I doubt you would want to date a niqabbed girlfriend—one who wears a blanket with eye holes cut into it, and I doubt she would want to date you either. Neither of you would find the other appropriate.
As for the practical choice of a western girlfriend, no one is going to ask her to wear a niqab; she can wear whatever she deems presentable if it is modest and not too revealing. Thousands of western women live in Egypt; they teach in western schools and universities and work in corporate businesses, and chances are they wear what they usually wear when going to work in the western world.
Niqabbed women in Egypt shouldn’t construe more than 2 percent by the way.
“Wait, Cairo, NY?”
Funny you should ask. The Cairo we are talking about is the largest Cairo in the world with a population of approximately ten million. It sits smack in the middle of Egypt. It is bordered by the Mediterranean and the Red Sea, which are connected by a man-made waterway named the Suez Canal.

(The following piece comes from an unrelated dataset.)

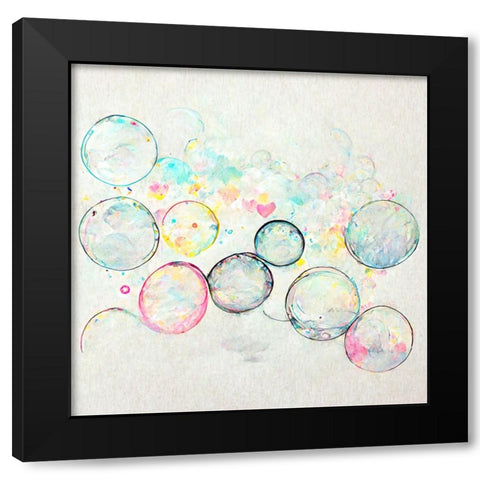 Bubbles 15 Black Modern Wood Framed Art Print by Screendoor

Cairo translates to “the victorious,” and Egyptians call it “Om el Donia,” aka, the “mother of the world,” and to them it seems just that.
Egypt is a breathtaking place. It has a 7000-year history, a unique culture, and loving inhabitants. Nothing awkward about moving to Cairo. In fact, if anything, those who are awkwardly silenced should be happy for you.
“Dude! That’s fucking amazing, congrats!!"
Indeed it is. It is an opportunity of a lifetime. While you are at it, learn some Arabic, become more informed about Islam, and try as you may to see it with a clear lens unblemished by the colonial vision that looked at Egypt as an ancillary state. It didn’t work then, and it won’t work now. Egypt owns its own destiny.
That doesn’t mean that Cairo isn’t without its challenges; living amongst 92 million can get a bit crammed leaving you flummoxed.
More importantly have a wonderful time and take back warm memories of a particularly special place. Maybe then your astounded, perplexed, and daunted friends will appreciate what you decided to venture on.